*** Opening of DATA FOR REVIEW ***

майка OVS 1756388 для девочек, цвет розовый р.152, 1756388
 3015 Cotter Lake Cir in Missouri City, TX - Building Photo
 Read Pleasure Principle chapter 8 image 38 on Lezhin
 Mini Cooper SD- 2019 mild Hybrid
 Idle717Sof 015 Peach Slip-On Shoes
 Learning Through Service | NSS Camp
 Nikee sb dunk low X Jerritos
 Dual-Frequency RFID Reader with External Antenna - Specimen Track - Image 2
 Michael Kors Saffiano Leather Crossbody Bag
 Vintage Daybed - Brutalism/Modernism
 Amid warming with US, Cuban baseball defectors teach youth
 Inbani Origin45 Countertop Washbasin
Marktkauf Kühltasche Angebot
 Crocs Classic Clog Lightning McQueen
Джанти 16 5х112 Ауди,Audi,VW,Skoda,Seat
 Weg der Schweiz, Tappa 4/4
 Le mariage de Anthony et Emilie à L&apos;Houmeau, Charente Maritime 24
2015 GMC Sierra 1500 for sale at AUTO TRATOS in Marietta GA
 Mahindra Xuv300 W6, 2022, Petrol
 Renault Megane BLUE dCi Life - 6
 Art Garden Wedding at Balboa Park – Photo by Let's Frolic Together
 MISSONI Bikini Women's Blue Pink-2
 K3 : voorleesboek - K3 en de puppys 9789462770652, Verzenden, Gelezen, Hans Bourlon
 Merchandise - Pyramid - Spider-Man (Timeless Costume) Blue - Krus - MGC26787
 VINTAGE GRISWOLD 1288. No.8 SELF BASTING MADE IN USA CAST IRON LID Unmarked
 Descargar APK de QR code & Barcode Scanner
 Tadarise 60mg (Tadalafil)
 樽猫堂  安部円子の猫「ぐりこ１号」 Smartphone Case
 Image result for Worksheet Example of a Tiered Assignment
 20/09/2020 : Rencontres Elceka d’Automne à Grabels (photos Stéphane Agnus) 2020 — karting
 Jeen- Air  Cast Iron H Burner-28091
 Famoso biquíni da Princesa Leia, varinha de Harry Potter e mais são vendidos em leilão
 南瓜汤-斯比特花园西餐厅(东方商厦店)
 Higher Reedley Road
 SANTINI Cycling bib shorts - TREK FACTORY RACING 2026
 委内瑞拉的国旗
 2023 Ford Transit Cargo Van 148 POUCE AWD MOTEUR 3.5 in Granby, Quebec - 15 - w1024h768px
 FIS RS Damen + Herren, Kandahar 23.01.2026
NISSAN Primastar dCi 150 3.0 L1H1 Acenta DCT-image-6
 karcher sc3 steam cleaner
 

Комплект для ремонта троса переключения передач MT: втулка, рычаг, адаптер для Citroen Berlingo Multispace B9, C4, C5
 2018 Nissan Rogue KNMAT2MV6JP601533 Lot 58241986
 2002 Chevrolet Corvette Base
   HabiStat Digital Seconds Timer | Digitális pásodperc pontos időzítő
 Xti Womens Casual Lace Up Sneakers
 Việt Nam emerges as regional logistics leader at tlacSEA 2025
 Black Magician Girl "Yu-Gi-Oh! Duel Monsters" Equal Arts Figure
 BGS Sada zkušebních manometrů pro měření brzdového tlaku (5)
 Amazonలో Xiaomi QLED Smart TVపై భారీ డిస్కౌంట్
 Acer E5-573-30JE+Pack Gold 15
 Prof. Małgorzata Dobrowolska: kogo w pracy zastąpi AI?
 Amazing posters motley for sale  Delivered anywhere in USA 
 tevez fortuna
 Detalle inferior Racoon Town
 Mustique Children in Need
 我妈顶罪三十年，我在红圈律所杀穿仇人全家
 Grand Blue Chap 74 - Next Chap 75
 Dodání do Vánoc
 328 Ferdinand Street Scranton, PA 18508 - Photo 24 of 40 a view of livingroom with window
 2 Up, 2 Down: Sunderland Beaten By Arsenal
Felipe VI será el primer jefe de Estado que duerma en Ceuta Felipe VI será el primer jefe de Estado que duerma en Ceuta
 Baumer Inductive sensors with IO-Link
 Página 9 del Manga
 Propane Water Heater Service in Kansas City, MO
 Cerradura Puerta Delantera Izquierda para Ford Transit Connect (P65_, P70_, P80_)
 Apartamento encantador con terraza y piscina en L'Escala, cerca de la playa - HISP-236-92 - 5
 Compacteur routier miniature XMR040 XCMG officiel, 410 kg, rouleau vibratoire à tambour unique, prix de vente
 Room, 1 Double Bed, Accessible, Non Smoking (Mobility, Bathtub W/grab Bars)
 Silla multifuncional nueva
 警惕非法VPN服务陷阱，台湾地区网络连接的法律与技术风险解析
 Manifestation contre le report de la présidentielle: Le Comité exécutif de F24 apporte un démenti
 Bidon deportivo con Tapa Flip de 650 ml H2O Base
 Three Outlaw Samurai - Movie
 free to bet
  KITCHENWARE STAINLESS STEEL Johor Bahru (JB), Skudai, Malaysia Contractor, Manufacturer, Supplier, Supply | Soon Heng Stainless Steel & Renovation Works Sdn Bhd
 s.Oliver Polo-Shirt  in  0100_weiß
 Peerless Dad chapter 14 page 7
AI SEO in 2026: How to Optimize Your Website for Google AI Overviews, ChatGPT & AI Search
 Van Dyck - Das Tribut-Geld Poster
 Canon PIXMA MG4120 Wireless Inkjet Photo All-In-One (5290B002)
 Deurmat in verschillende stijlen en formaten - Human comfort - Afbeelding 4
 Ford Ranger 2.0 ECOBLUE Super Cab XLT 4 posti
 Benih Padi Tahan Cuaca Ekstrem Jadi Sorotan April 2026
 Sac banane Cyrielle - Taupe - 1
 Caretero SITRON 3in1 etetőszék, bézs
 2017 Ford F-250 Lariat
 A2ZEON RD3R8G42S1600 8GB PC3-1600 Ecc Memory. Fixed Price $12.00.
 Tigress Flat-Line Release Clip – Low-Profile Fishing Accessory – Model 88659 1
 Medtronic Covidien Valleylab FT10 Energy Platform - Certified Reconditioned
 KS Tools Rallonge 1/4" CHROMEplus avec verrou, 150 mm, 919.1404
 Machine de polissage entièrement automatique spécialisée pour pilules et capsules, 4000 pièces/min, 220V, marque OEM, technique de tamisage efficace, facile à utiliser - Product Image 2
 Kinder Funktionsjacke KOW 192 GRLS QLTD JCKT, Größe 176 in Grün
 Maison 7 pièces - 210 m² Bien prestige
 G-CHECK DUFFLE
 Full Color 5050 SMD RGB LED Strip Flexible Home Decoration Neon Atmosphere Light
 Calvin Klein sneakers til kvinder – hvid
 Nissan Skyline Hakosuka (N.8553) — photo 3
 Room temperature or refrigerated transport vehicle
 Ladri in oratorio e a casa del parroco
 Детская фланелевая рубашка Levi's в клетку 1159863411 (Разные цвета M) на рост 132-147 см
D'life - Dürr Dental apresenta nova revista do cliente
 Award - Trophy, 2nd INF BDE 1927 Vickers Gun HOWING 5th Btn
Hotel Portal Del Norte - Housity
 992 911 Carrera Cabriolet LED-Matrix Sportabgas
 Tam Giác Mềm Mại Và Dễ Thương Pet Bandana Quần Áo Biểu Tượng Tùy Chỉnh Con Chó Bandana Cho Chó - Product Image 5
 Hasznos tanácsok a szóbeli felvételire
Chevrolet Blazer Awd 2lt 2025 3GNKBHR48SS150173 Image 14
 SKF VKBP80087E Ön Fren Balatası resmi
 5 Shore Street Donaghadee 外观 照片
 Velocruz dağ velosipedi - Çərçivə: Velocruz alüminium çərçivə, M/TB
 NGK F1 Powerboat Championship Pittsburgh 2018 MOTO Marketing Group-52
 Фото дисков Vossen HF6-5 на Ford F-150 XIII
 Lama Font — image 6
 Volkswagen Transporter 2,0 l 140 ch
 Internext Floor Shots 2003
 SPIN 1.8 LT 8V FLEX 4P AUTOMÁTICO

*** Close of DATA FOR REVIEW ***

EXERCISE:
Up to and including the line containing "Nikee sb dunk low X Jerritos", please write out the listing exactly, starting from its first line.

ANSWER TO THE PROBLEM:
майка OVS 1756388 для девочек, цвет розовый р.152, 1756388
 3015 Cotter Lake Cir in Missouri City, TX - Building Photo
 Read Pleasure Principle chapter 8 image 38 on Lezhin
 Mini Cooper SD- 2019 mild Hybrid
 Idle717Sof 015 Peach Slip-On Shoes
 Learning Through Service | NSS Camp
 Nikee sb dunk low X Jerritos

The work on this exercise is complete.